» Your instructions:
Please return only the lines from the one holding "Young Americans - Durand" through the one holding "Torrione Gasthof 3*", exactly as they appear in the records below, both ends included.

» Material provided:
◆ ◆ ◆ ◆ ◆

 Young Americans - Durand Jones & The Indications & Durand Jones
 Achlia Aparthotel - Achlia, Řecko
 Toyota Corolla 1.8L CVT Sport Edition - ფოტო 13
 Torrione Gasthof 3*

◆ ◆ ◆ ◆ ◆

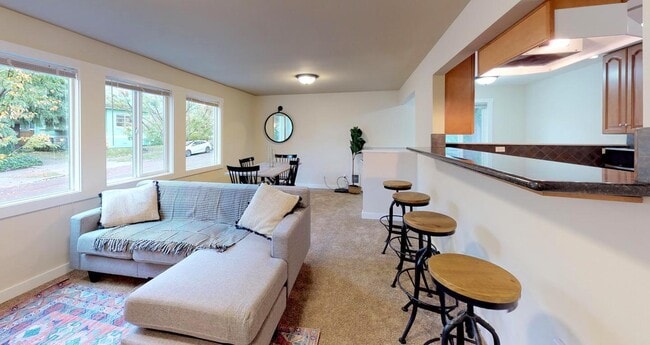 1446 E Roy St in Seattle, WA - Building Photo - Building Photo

◆ ◆ ◆ ◆ ◆

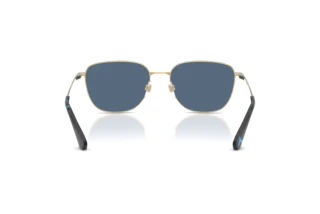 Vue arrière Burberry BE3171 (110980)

◆ ◆ ◆ ◆ ◆

» Answer below:
 Young Americans - Durand Jones & The Indications & Durand Jones
 Achlia Aparthotel - Achlia, Řecko
 Toyota Corolla 1.8L CVT Sport Edition - ფოტო 13
 Torrione Gasthof 3*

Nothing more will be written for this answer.